知らんぷりの嘘

「今年もお祭り楽しみだね〜」
「あ、そのことなんだけどね」
「うん?」
「私、今年は行けないかも」

部室に荷物を置き、体育館へ着いた瞬間、背後からそんな会話が聞こえてきた。聞き間違える筈がない、好きな人の声。自分達の部室に歩いていく二人の会話は段々聞こえなくなり、最後の「珍しい?用事?」という質問だけが耳に届き、それに対しみょうじさんの返答が何だったのかは分からないまま練習が始まった。

今年はみょうじさん行かないんだ。だったら、おれも行かなくていいや。

毎年開催される音駒のお祭りは、多くの人で賑わう。暑いし、人多いし、学校の人もたくさんいる。理由は特にないだろうけど、バレー部で練習終わりに行くのが毎年恒例みたいになっている。でも行ける人だけが行くって感じで、別に強制参加ではない。本当だったら早く家に帰って涼しいところで休みたい、ゲームをしたいおれが毎年行くのには理由があった。みょうじさんがその祭りに行くから。


一年の時、たまたまみょうじさんが行くってことを当時同じクラスだったバド部の子達が話しているのを耳にした。もしかしたらみょうじさんと会えるんじゃないか、みょうじさんを見かけることが出来るんじゃないかっていう邪な気持ちから、おれも行くことにした。そんな考えになる自分が気持ち悪いと思いながらも、口に出さなければ誰にもバレやしない。その思いは自分にも隠せる心の奥底に仕舞い込んだ。
行くと言ったおれに、クロは最初目を大きくさせて驚いてたけど、深くは聞いてはこなかった。


一年の時は会うことも見かけることも出来なかったけど、二年の時は遠くから見かけた。数人で楽しそうに話す輪の中にたこ焼きを頬張りながらみょうじさんがいた。いつもあの人は輪の中心にいて、周りには常に笑顔がたくさんある。絶対に好きになっちゃいけない人だと思いながらもどうすることも出来ないこの感情に悪意を抱き、みょうじさんがいる方向を眺めていたのを思い出す。

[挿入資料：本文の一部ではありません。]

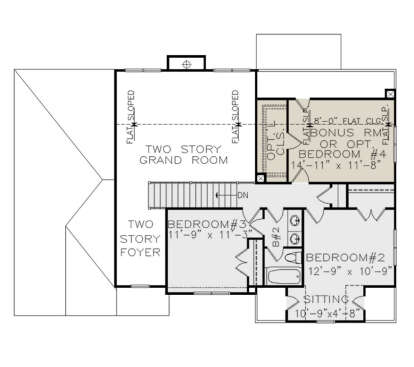 Second Floor for House Plan #699-00031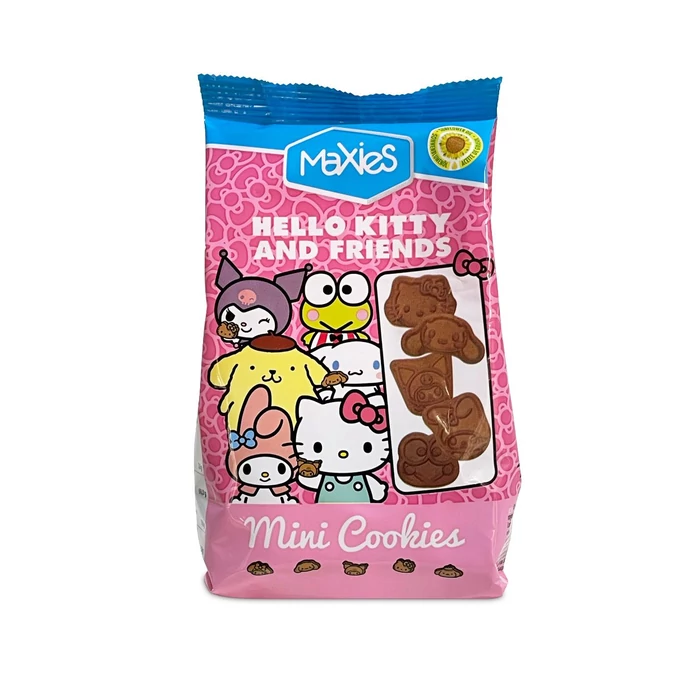 Maxies  Mini Cookies Kakaós Keksz Hello Kitty 100g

だから、みょうじさんがいないのならおれが行く理由はない。こんなこと誰かにバレたら終わる、くらい気持ち悪い思考。昼休憩に入って直ぐ、ぐるぐると思考を巡らせていると突然名前を呼ばれ、肩を上げて驚いた。

「研磨さんっ!」と元気に声を掛けてくる今年入部したマネージャーはバレーボールが大好きらしく、度々プレー内容について質問をしてくる。勢いとおれに聞かなくても……という疑問から最初は困惑したものの、リエーフみたいだと思えば直ぐ慣れた。
バレーのことになると早口になるマネージャーは、ちょっとだけ何を言うか分からない時のみょうじさんに似ている。似ている、けど、この子とは普通に話せる。
もしかしたら、この先マネージャーと話すみたいにみょうじさんとも普通に話せるようになるだろうか。質問された内容に答えながら、そんなことを考えていた。

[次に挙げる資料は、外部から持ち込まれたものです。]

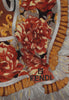 Fendi 真丝花纹围巾
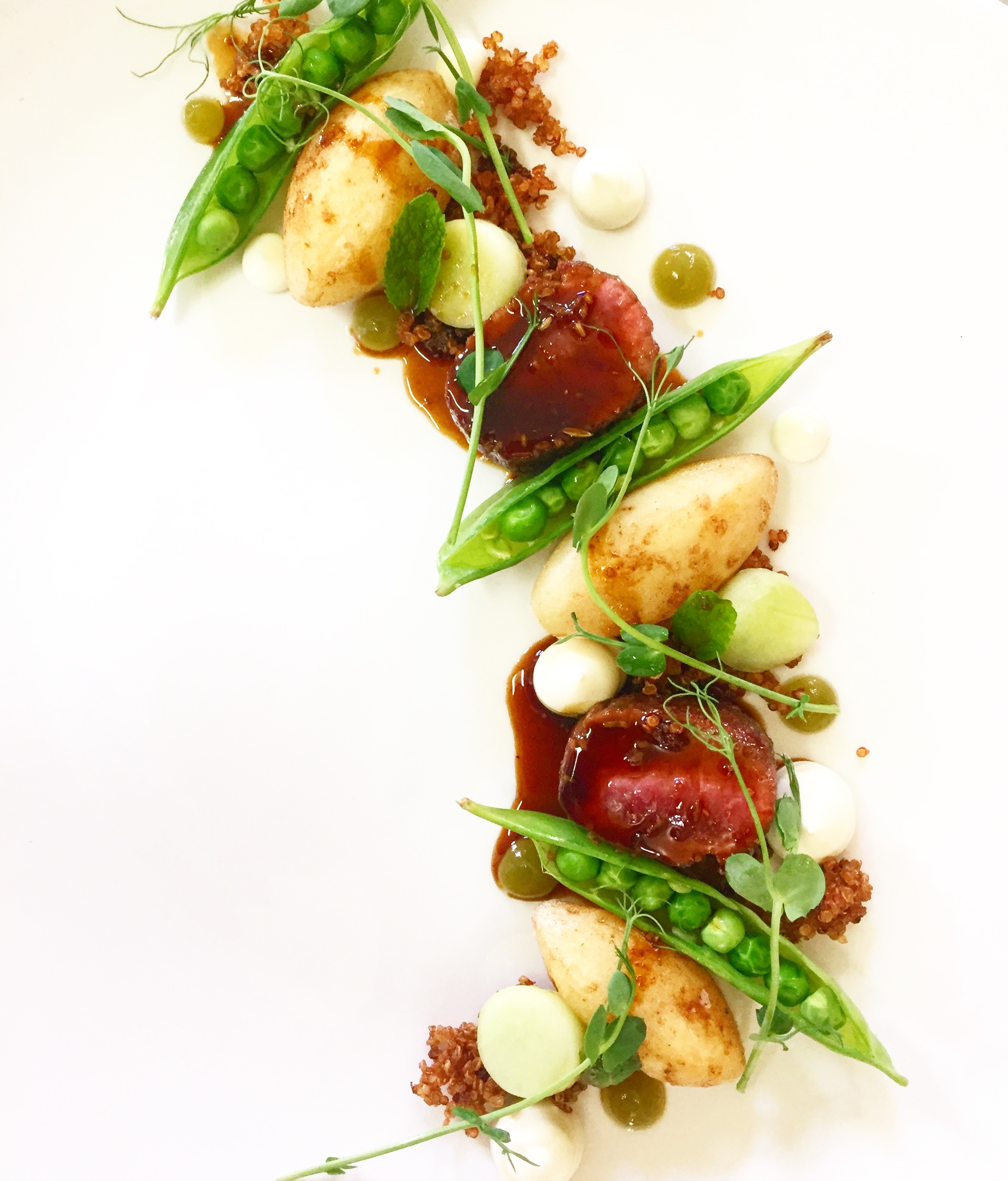 Lamb, mint, cucumber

みょうじさんと普通に話せるようになる。一瞬でも期待した数分前の自分にムリだと言ってやりたい。みょうじさんは、いつも思いもよらない言動をしてくる。

「っこ、づ……ご、ほっ……!」

あ……。

バレー部が昼食を取る場所へ向かうには、バド部がいる部屋の前を通らなきゃならない。体育館に戻る時もそう。そこを通らなくちゃいけない。一年の時から周りにバレないように盗み見していたその場所に、たとえ視線を向けなくてもいるかもしれないと意識だけでも向けていたその場所を、話せるようになった今でも癖で注視してしまう。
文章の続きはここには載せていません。